## Problem requirements
If a line appears in the data below, it must appear in your answer exactly as given.

(Beginning of Information)

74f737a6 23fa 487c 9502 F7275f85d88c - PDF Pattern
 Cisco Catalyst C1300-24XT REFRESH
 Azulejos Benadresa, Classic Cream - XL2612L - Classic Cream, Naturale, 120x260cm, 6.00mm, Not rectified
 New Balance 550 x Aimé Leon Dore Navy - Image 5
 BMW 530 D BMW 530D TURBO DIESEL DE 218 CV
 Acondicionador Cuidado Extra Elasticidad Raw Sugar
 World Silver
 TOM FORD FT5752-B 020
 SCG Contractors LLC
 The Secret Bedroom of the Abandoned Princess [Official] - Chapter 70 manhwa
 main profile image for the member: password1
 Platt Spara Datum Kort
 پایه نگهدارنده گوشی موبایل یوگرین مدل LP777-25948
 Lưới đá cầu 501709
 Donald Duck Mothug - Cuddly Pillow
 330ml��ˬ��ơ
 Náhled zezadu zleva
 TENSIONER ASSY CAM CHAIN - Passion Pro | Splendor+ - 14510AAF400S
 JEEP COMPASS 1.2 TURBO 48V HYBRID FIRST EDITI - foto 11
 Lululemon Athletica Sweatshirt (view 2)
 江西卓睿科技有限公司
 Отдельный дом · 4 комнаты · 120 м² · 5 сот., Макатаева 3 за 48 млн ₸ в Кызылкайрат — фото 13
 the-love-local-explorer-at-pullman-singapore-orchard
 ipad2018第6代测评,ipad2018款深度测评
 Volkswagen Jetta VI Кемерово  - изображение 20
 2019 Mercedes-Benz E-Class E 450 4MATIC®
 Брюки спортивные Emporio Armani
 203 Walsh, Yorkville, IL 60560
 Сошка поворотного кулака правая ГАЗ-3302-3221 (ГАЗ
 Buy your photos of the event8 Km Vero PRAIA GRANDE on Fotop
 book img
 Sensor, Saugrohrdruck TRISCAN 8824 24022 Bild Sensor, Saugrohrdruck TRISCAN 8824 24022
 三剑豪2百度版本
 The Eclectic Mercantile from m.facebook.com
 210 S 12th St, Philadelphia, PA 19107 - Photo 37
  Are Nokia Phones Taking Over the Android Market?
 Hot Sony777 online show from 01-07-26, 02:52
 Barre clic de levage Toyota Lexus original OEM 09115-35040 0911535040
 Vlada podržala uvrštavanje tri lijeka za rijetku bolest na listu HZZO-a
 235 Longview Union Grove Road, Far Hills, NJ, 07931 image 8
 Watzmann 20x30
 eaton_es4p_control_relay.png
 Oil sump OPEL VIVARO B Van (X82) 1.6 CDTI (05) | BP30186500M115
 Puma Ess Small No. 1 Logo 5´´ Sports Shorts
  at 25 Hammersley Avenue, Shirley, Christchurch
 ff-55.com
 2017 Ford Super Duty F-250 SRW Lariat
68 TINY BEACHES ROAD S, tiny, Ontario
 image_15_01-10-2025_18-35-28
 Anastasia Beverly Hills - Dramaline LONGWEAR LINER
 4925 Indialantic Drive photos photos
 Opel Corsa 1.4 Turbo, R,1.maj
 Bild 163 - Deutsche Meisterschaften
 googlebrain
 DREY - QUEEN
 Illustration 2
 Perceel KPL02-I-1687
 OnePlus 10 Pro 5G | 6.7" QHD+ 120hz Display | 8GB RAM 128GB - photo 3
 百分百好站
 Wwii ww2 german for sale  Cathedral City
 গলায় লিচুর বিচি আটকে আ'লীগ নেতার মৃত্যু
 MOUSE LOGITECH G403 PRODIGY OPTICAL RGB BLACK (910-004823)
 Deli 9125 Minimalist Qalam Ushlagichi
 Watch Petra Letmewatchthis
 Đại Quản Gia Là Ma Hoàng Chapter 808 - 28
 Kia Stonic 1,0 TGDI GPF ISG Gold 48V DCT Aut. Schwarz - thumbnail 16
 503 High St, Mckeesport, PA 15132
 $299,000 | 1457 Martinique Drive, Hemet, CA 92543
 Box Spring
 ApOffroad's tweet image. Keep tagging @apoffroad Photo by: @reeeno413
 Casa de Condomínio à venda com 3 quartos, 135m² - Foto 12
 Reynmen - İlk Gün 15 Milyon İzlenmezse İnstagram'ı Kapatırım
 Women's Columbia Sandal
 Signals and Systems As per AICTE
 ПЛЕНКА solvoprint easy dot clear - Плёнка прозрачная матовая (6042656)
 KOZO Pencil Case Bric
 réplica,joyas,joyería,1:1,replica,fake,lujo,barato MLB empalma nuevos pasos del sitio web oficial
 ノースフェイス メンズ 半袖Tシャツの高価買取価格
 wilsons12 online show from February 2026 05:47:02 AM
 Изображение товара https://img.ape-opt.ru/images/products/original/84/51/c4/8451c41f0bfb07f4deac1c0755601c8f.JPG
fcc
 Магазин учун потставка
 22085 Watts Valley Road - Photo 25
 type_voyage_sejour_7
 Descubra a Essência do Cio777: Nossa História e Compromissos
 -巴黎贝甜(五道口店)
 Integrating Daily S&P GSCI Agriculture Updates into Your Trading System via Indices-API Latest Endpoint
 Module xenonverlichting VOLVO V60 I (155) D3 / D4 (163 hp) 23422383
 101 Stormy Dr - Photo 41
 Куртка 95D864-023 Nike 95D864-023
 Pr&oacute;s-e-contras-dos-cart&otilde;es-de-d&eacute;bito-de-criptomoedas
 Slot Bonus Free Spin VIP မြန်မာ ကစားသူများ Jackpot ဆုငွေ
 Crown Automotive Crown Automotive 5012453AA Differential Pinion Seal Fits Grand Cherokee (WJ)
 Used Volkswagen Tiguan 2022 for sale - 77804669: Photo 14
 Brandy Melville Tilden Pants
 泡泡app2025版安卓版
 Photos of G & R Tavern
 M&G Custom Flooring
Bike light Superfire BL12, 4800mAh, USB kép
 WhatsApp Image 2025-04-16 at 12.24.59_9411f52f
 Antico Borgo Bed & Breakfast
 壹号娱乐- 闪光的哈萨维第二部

(End of Information)

## Result
74f737a6 23fa 487c 9502 F7275f85d88c - PDF Pattern
 Cisco Catalyst C1300-24XT REFRESH
 Azulejos Benadresa, Classic Cream - XL2612L - Classic Cream, Naturale, 120x260cm, 6.00mm, Not rectified
 New Balance 550 x Aimé Leon Dore Navy - Image 5
 BMW 530 D BMW 530D TURBO DIESEL DE 218 CV
 Acondicionador Cuidado Extra Elasticidad Raw Sugar
 World Silver
 TOM FORD FT5752-B 020
 SCG Contractors LLC
 The Secret Bedroom of the Abandoned Princess [Official] - Chapter 70 manhwa
 main profile image for the member: password1
 Platt Spara Datum Kort
 پایه نگهدارنده گوشی موبایل یوگرین مدل LP777-25948
 Lưới đá cầu 501709
 Donald Duck Mothug - Cuddly Pillow
 330ml��ˬ��ơ
 Náhled zezadu zleva
 TENSIONER ASSY CAM CHAIN - Passion Pro | Splendor+ - 14510AAF400S
 JEEP COMPASS 1.2 TURBO 48V HYBRID FIRST EDITI - foto 11
 Lululemon Athletica Sweatshirt (view 2)
 江西卓睿科技有限公司
 Отдельный дом · 4 комнаты · 120 м² · 5 сот., Макатаева 3 за 48 млн ₸ в Кызылкайрат — фото 13
 the-love-local-explorer-at-pullman-singapore-orchard
 ipad2018第6代测评,ipad2018款深度测评
 Volkswagen Jetta VI Кемерово  - изображение 20
 2019 Mercedes-Benz E-Class E 450 4MATIC®
 Брюки спортивные Emporio Armani
 203 Walsh, Yorkville, IL 60560
 Сошка поворотного кулака правая ГАЗ-3302-3221 (ГАЗ
 Buy your photos of the event8 Km Vero PRAIA GRANDE on Fotop
 book img
 Sensor, Saugrohrdruck TRISCAN 8824 24022 Bild Sensor, Saugrohrdruck TRISCAN 8824 24022
 三剑豪2百度版本
 The Eclectic Mercantile from m.facebook.com
 210 S 12th St, Philadelphia, PA 19107 - Photo 37
  Are Nokia Phones Taking Over the Android Market?
 Hot Sony777 online show from 01-07-26, 02:52
 Barre clic de levage Toyota Lexus original OEM 09115-35040 0911535040
 Vlada podržala uvrštavanje tri lijeka za rijetku bolest na listu HZZO-a
 235 Longview Union Grove Road, Far Hills, NJ, 07931 image 8
 Watzmann 20x30
 eaton_es4p_control_relay.png
 Oil sump OPEL VIVARO B Van (X82) 1.6 CDTI (05) | BP30186500M115
 Puma Ess Small No. 1 Logo 5´´ Sports Shorts
  at 25 Hammersley Avenue, Shirley, Christchurch
 ff-55.com
 2017 Ford Super Duty F-250 SRW Lariat
68 TINY BEACHES ROAD S, tiny, Ontario
 image_15_01-10-2025_18-35-28
 Anastasia Beverly Hills - Dramaline LONGWEAR LINER
 4925 Indialantic Drive photos photos
 Opel Corsa 1.4 Turbo, R,1.maj
 Bild 163 - Deutsche Meisterschaften
 googlebrain
 DREY - QUEEN
 Illustration 2
 Perceel KPL02-I-1687
 OnePlus 10 Pro 5G | 6.7" QHD+ 120hz Display | 8GB RAM 128GB - photo 3
 百分百好站
 Wwii ww2 german for sale  Cathedral City
 গলায় লিচুর বিচি আটকে আ'লীগ নেতার মৃত্যু
 MOUSE LOGITECH G403 PRODIGY OPTICAL RGB BLACK (910-004823)
 Deli 9125 Minimalist Qalam Ushlagichi
 Watch Petra Letmewatchthis
 Đại Quản Gia Là Ma Hoàng Chapter 808 - 28
 Kia Stonic 1,0 TGDI GPF ISG Gold 48V DCT Aut. Schwarz - thumbnail 16
 503 High St, Mckeesport, PA 15132
 $299,000 | 1457 Martinique Drive, Hemet, CA 92543
 Box Spring
 ApOffroad's tweet image. Keep tagging @apoffroad Photo by: @reeeno413
 Casa de Condomínio à venda com 3 quartos, 135m² - Foto 12
 Reynmen - İlk Gün 15 Milyon İzlenmezse İnstagram'ı Kapatırım
 Women's Columbia Sandal
 Signals and Systems As per AICTE
 ПЛЕНКА solvoprint easy dot clear - Плёнка прозрачная матовая (6042656)
 KOZO Pencil Case Bric
 réplica,joyas,joyería,1:1,replica,fake,lujo,barato MLB empalma nuevos pasos del sitio web oficial
 ノースフェイス メンズ 半袖Tシャツの高価買取価格
 wilsons12 online show from February 2026 05:47:02 AM
 Изображение товара https://img.ape-opt.ru/images/products/original/84/51/c4/8451c41f0bfb07f4deac1c0755601c8f.JPG
fcc
 Магазин учун потставка
 22085 Watts Valley Road - Photo 25
 type_voyage_sejour_7
 Descubra a Essência do Cio777: Nossa História e Compromissos
 -巴黎贝甜(五道口店)
 Integrating Daily S&P GSCI Agriculture Updates into Your Trading System via Indices-API Latest Endpoint
 Module xenonverlichting VOLVO V60 I (155) D3 / D4 (163 hp) 23422383
 101 Stormy Dr - Photo 41
 Куртка 95D864-023 Nike 95D864-023
 Pr&oacute;s-e-contras-dos-cart&otilde;es-de-d&eacute;bito-de-criptomoedas
 Slot Bonus Free Spin VIP မြန်မာ ကစားသူများ Jackpot ဆုငွေ
 Crown Automotive Crown Automotive 5012453AA Differential Pinion Seal Fits Grand Cherokee (WJ)
 Used Volkswagen Tiguan 2022 for sale - 77804669: Photo 14
 Brandy Melville Tilden Pants
 泡泡app2025版安卓版
 Photos of G & R Tavern
 M&G Custom Flooring
Bike light Superfire BL12, 4800mAh, USB kép
 WhatsApp Image 2025-04-16 at 12.24.59_9411f52f
 Antico Borgo Bed & Breakfast
 壹号娱乐- 闪光的哈萨维第二部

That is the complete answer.